On forward step we have $V = WX$ and the output is $Z = \sigma(V)$.

On backpropagation we update the weights as $W(n+1) = W(n) - \eta \frac{\partial L}{\partial W}$, where $L$ is the binary Cross-Entropy loss function: $L(Y, Z)-\frac{1}{N}\sum_{k = 1}^{N} y_k \log(z_k) + (1 - y_k) \log(1 - z_k)$. In matrix notation this function can be rewritten as $L(Y,Z) = -\frac{1}{N} \left (Y (\log(Z))^T + (1_N - Y) (\log(1_N - Z))^T \right )$.

I think that all is correct so far and may be I messed up on the derivates.

Applying chain rule: $\frac{\partial L}{\partial W} = \frac{\partial L}{\partial Z} \frac{\partial Z}{\partial V} \frac{\partial V}{\partial W}$

$\frac{\partial V}{\partial W}$ is straightforward: $\frac{\partial V}{\partial W} = X$.

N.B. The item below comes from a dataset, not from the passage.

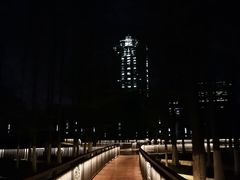 -月湖风景区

$\frac{\partial Z}{\partial V} = \sigma '(V)$

$\frac{\partial L}{\partial Z} = -\frac{1}{N} \left (Y\begin{pmatrix}\frac{1}{z_1}, \dots, \frac{1}{z_N}\end{pmatrix}^T + (1_N - Y) \left (1_N - \begin{pmatrix}\frac{1}{z_1 - 1}, \dots, \frac{1}{z_N - 1}\end{pmatrix} \right )^T \right)$

So finally, $W(n+1) = W(n) - \eta \left( -\frac{1}{N} \left (Y\begin{pmatrix}\frac{1}{z_1}, \dots, \frac{1}{z_N}\end{pmatrix}^T + (1_N - Y) \left (1_N - \begin{pmatrix}\frac{1}{z_1 - 1}, \dots, \frac{1}{z_N - 1}\end{pmatrix} \right )^T \right) \sigma '(V) X \right)$

Are those derivates correct?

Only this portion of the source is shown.